Wann verwirkt der Anspruch auf Zeugnisberichtigung?

Kündigung

Sachverhalt

Nachdem die Beklagte mehrmals erfolglos versucht hatte, dem Kläger zu kündigen, endete das Arbeitsverhältnis durch Eigenkündigung des Klägers zum 31. März 2019. Das ihm drei Monate später unter dem 29. Juli 2018 erteilte Arbeitszeugnis beanstandete der Kläger einen Monat später als „völlig inakzeptabel“. Er bemängelte einzelne Punkte der Tätigkeitsbeschreibung und wollte eine „sehr gute bis gute“ Leistungs- und Verhaltensbeurteilung. Das daraufhin leicht korrigierte Zeugnis beanstandete der Prozessbevollmächtigte des Klägers binnen zwei Wochen erneut. Es sei noch immer „unterirdisch“ und entspreche offensichtlich nicht den gesetzlichen Anforderungen. Die Beklagte schädige den Kläger vorsätzlich und sittenwidrig und nehme in Kauf, dass er durch das Zeugnis schwere Nachteile im beruflichen Fortkommen erleide.

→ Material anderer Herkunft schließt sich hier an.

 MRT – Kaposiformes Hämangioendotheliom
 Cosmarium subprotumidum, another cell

Auszugsweise hieß es in diesem Zeugnis:

Nachdem Herr … zum … auf die Position eines Produkt & Sales Englneer… gewechselt hatte, stellte sich … heraus, dass er bereits drei Jahre zuvor, noch während seiner Tätigkeit im Produktmarketing, eine kundenspezifische und daher streng vertrauliche, zutiefst technische Zeichnung an einen direkten Konkurrenten übermittelt hatte. Nach diesseitiger Auffassung enthält diese Zeichnung unbedingt geheim zu haltende Informationen und Betriebsgeheimnisse und hätte unter keinen Umständen an jemand anderen als den in der Zeichnung benannten Kunden herausgegeben werden dürfen. Nachdem dieser Vorfall bekannt und aufgeklärt wurde, wurde Herr … unverzüglich freigestellt. Seitdem wurde er lediglich im Rahmen sogenannter Prozessbeschäftigungen weiterbeschäftigt.

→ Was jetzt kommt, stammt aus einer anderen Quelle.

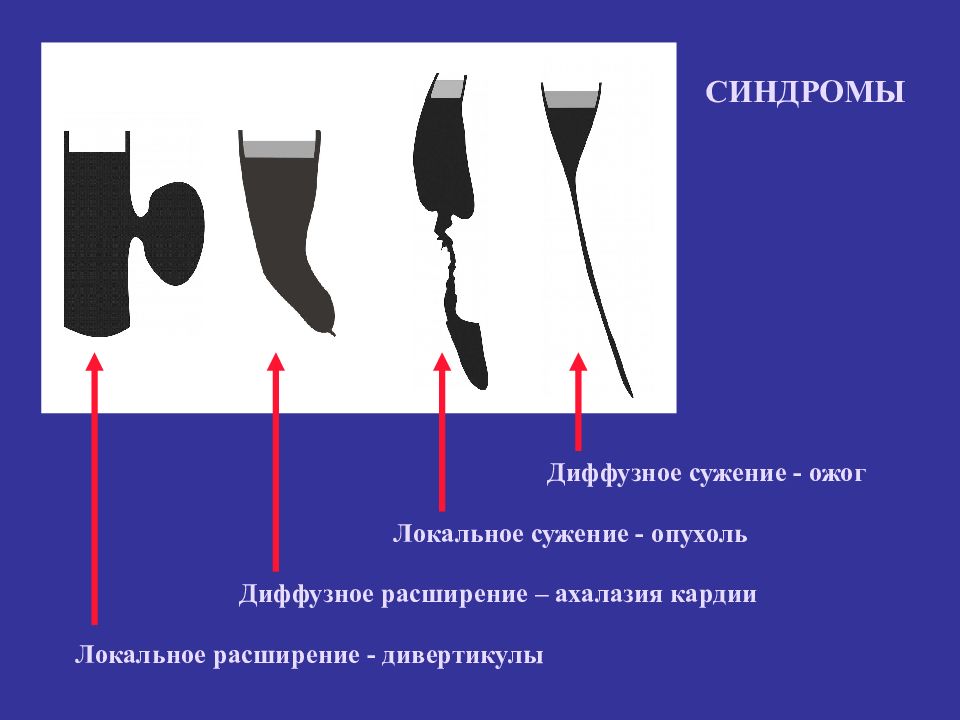 Расширение сужение. Диффузное расширение пищевода. Синдром расширения диффузное локальное.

Herr … erbrachte während seiner Tätigkeit als Produkt & Sales Englneer … eine insgesamt schwache Leistung. Zwar zeigte er im Großen und Ganzen Interesse an seinen Aufgaben. Es war ihm indes nicht möglich, diese zu unserer Zufriedenheit zu erfüllen. Herr … war dem … Arbeitsumfang sowie den Herausforderungen der einzelnen Aufgaben nicht gewachsen. Insbesondere in Phasen erhöhten Arbeitsanfalls zeigte sich, dass Herr … nicht belastbar war.

Aufgrund seiner nur geringen Leistungsfähigkeit und seines Verhaltens im Rahmen seiner zuletzt ausgeübten Tätigkeit konnte Herr … sich nicht in die Betriebsgemeinschaft einfügen. Sein Verhältnis zu Kollegen und Vorgesetzten war daher von Spannungen geprägt.

Die vormals gezeigten Leistungen … wurden durch seinen leichtfertigen Umgang mit vertraulichen Informationen und seine diesbezüglich bis heute fehlende Einsichtsfähigkeit für unser Unternehmen vollständig entwertet.“

Die Forderung des Klägers, ihm Ersatz der anwaltlichen Gebühren als finanziellen Schaden gemäß § 826 Bürgerliches Gesetzbuch zu zahlen, blieb auch erfolglos.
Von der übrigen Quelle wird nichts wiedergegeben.